Your assignment: Make an exact copy of the whole listing, but leave its pictures out.

Information provided:
=====
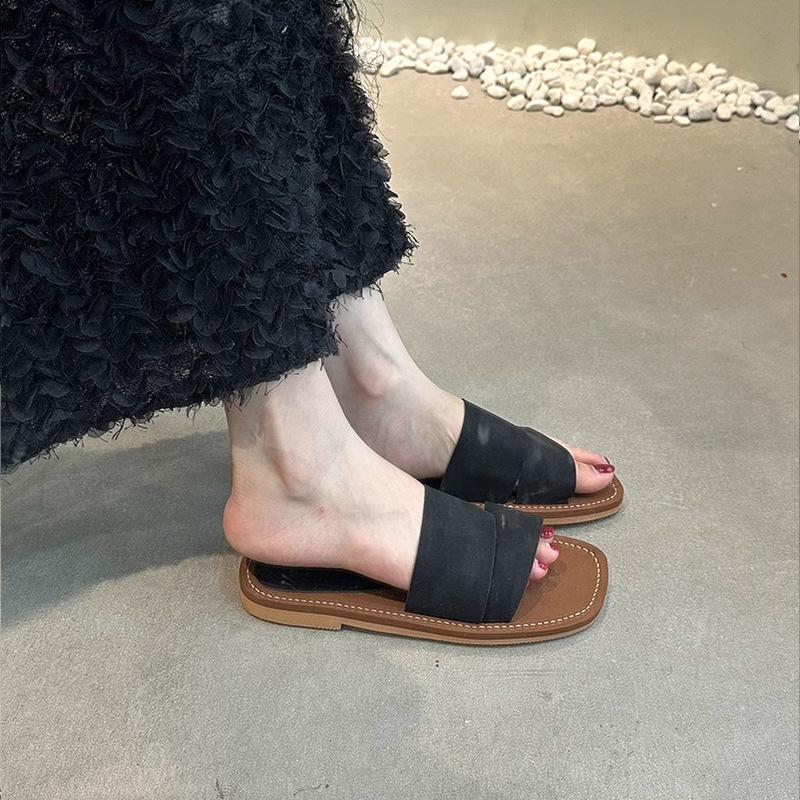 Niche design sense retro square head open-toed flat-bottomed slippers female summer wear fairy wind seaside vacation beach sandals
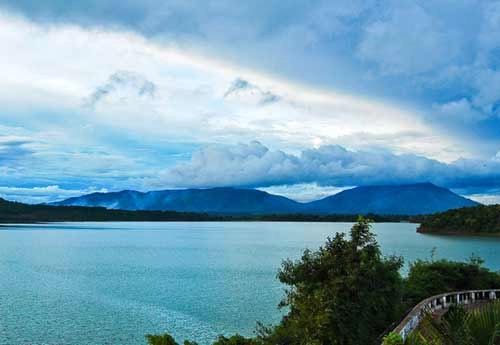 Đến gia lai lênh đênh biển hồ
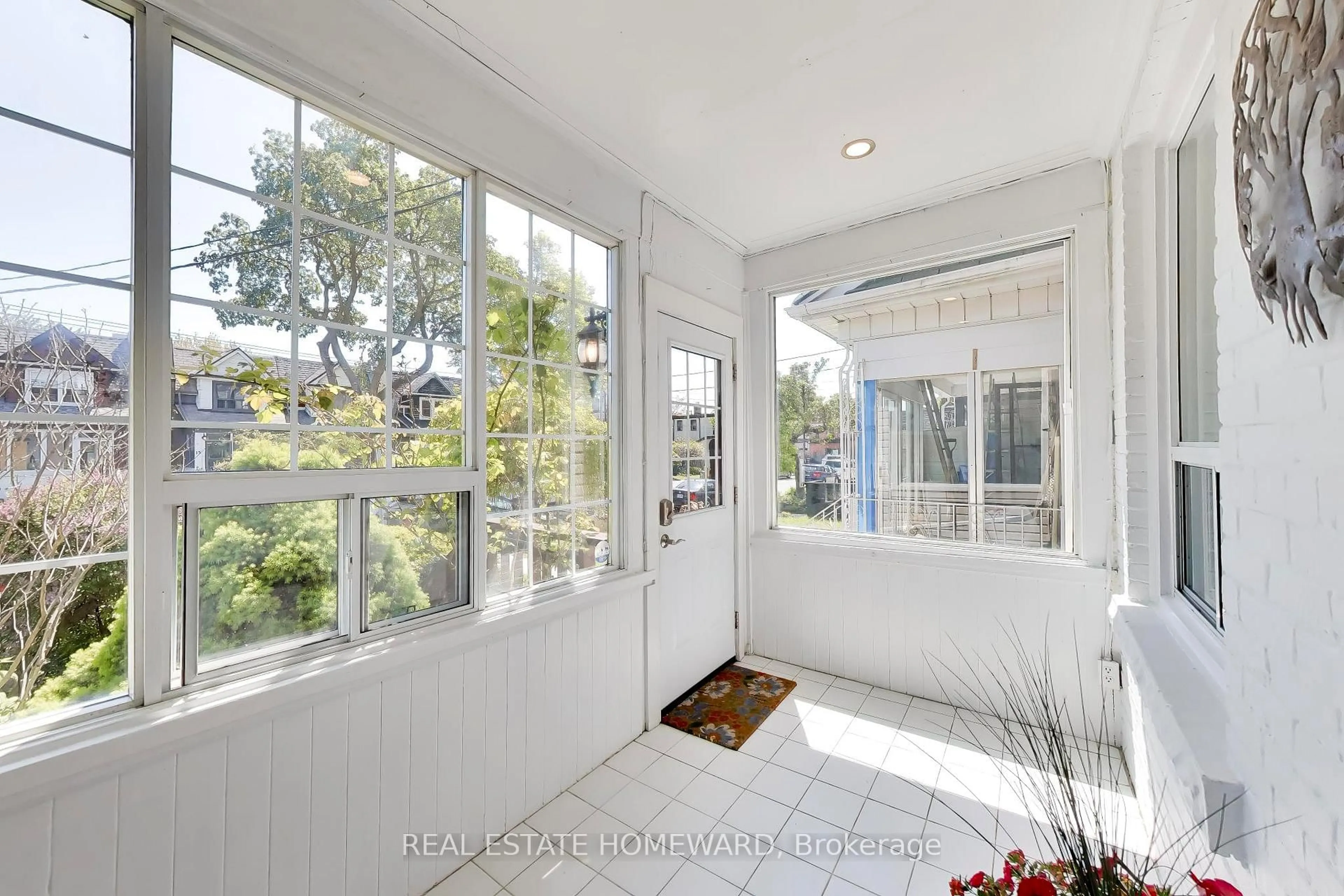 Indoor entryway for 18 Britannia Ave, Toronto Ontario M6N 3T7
=====
Result for this exercise:
 Niche design sense retro square head open-toed flat-bottomed slippers female summer wear fairy wind seaside vacation beach sandals
 Đến gia lai lênh đênh biển hồ
 Indoor entryway for 18 Britannia Ave, Toronto Ontario M6N 3T7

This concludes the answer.